◆ **GOAL OF THE EXERCISE**
Exactly as they appear below, repeat the lines from the one with "Brooklyn Heights High" through the one with "sedlová objímka BASIC", and no others.

◆ **GIVEN INFORMATION**
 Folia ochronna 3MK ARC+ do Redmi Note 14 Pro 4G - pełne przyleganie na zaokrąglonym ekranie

--

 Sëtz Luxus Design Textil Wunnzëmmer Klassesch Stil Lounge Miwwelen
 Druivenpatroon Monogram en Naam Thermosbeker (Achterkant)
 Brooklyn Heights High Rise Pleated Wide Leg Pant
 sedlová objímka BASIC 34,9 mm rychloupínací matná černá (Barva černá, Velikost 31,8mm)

◆ **WRITTEN REPLY**
 Brooklyn Heights High Rise Pleated Wide Leg Pant
 sedlová objímka BASIC 34,9 mm rychloupínací matná černá (Barva černá, Velikost 31,8mm)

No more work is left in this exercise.